The taxi slammed against the guardrail and skidded along with a horrible grinding noise. The whole car shuddered, billowing gray smoke as if it were about to dissolve from the strain.

"Going to be sick!" Tyson warned.

"Aster," Percy yelled, "let Tyson use your backpack!"

It was her turn to be sick. Have that thing use her backpack, with all of her things in it, for a barf bag? No way. "Are you crazy? Get the eye!"

Wasp yanked the wheel, and the taxi swerved away from the rail. They hurtled down the bridge toward Brooklyn, going faster than any human taxi. The Gray Sisters screeched and pummeled each other and cried out for their eye.

Percy finally gained some courage then, it seemed. He ripped off a chunk of his tie-dyed T-shirt, which was already falling apart from all the burn marks, and used it to pick the eyeball off the floor.

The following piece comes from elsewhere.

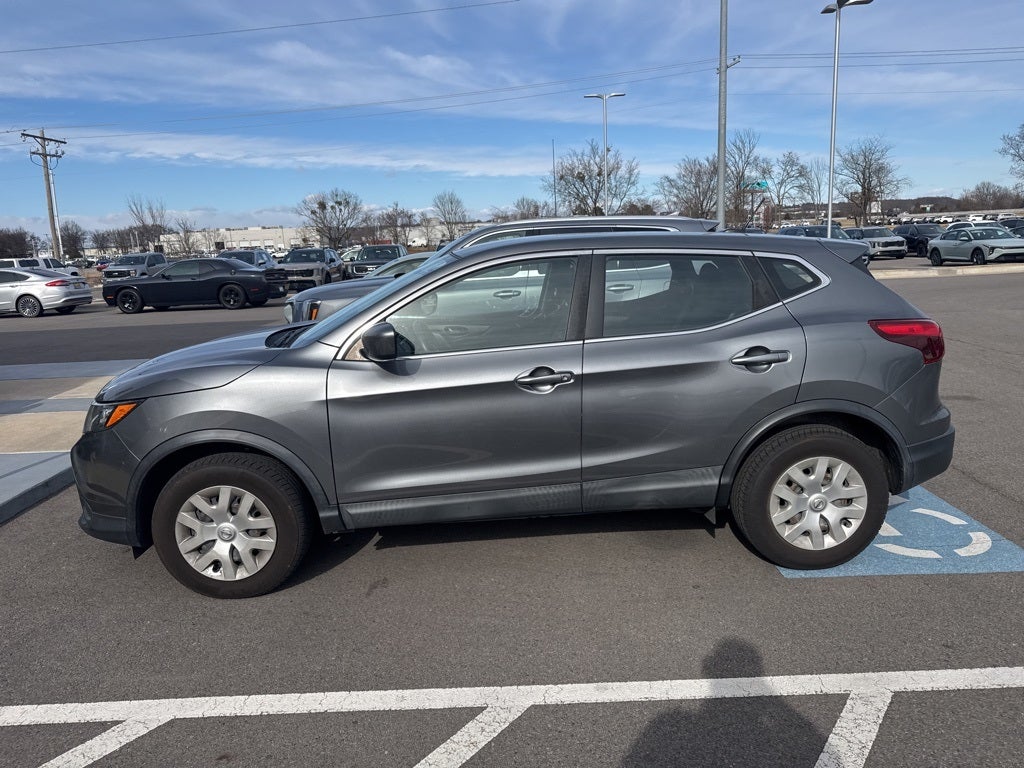 2019 Nissan Rogue Sport S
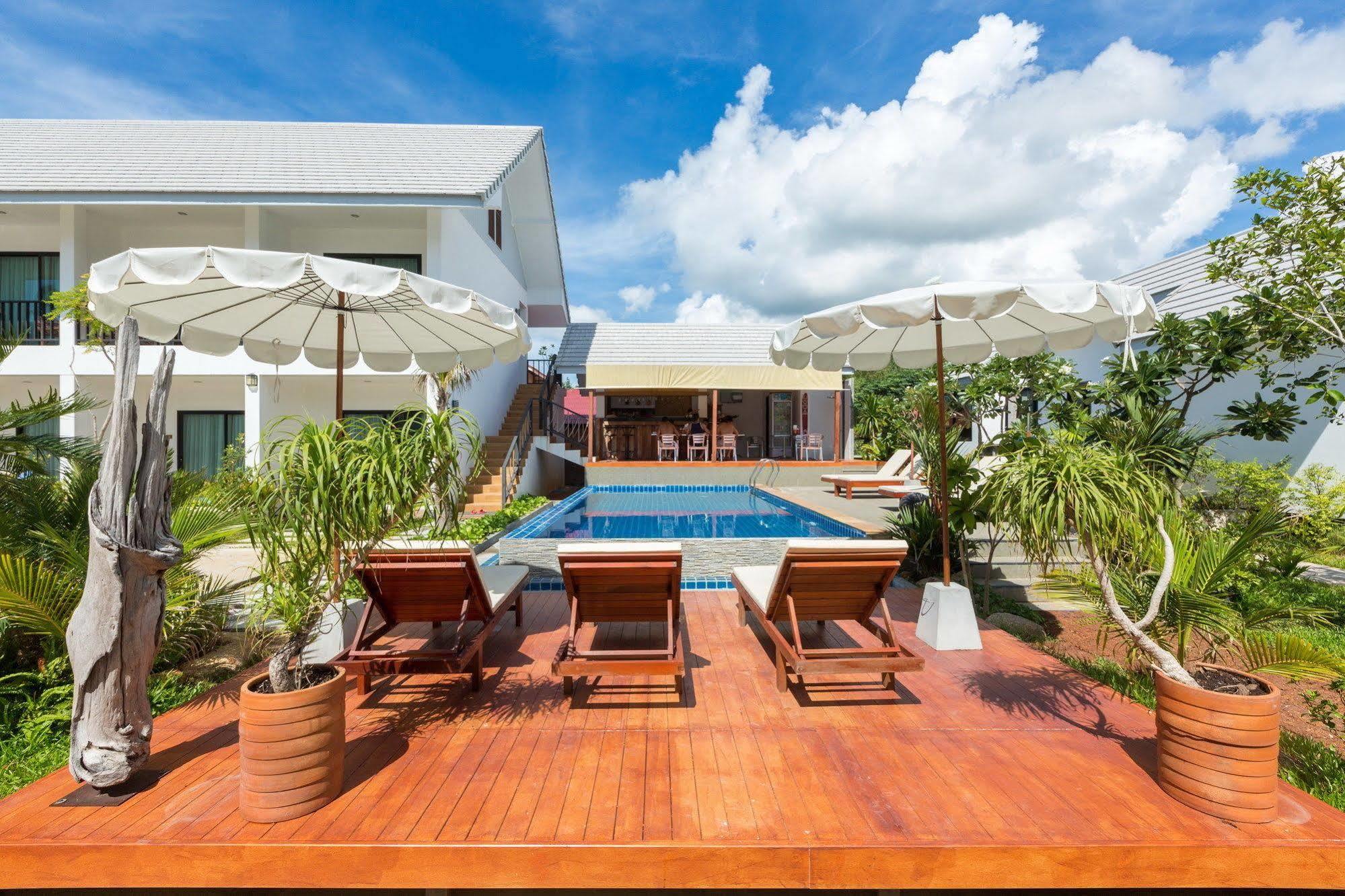 I-Samui Lamai Beach Екстериор снимка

"Nice boy!" Anger cried, as if she somehow knew he had her missing peeper. "Give it back!"

"Not until you explain," Percy told her. Aster thought he was crazy. "What were you talking about, the location I seek?"

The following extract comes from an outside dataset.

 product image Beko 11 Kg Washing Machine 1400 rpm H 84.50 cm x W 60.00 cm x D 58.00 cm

"No time!" Tempest cried. "Accelerating!"

Aster looked out the window. Sure enough, trees and cars and whole neighborhoods were now zipping by in a gray blur. They were already out of Brooklyn, heading through the middle of Long Island.

"Percy," Aster warned, "they can't find our destination without the eye. We'll just keep accelerating until we dissolve into smoke."

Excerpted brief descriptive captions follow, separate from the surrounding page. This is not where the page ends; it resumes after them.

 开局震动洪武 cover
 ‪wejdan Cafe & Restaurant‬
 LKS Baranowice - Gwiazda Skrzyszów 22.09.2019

"First they have to tell me," Percy told her, and Aster would have rolled her eyes if she wasn't so terrified. "Or I'll open the window and throw the eye into oncoming traffic."

"No!" the Gray Sisters wailed. "Too dangerous!"

"I'm rolling down the window."

"Wait! " the Gray Sisters screamed. "30, 31, 75, 12!"

They belted it out like a quarterback calling a play. Aster was confused about how four numbers were a location.

"What do you mean?" Percy said. "That makes no sense!"

"30, 31, 75, 12!" Anger wailed. "That's all we can tell you. Now give us the eye! Almost to camp!"

They were off the highway now, zipping through the countryside of northern Long Island. Aster could see Half-Blood Hill ahead of them, with its giant pine tree at the crest—Thalia's tree, which contained the life force of a fallen hero. That night replayed in Aster's mind again, just setting eyes on it.

"Percy!" Aster said more urgently. "Give them the eye now!"

Percy decided not to argue this time; he threw the eye into Wasp's lap.

The old lady snatched it up, pushed it into her eye socket like somebody putting in a contact lens, and blinked. "Whoa!"

She slammed on the brakes. The taxi spun four or five times in a cloud of smoke and squealed to a halt in the middle of the farm road at the base of Half-Blood Hill.

Tyson let loose a huge belch. "Better now."

"All right," Percy told the Gray Sisters. "Now tell me what those numbers mean."

But Aster didn't care about the numbers. Her eyes were on Half-Blood Hill, where a group was gathered in full battle armor.

"No time!" She opened her door. "We have to go now."

At the crest of the hill was a group of campers. And they were under attack.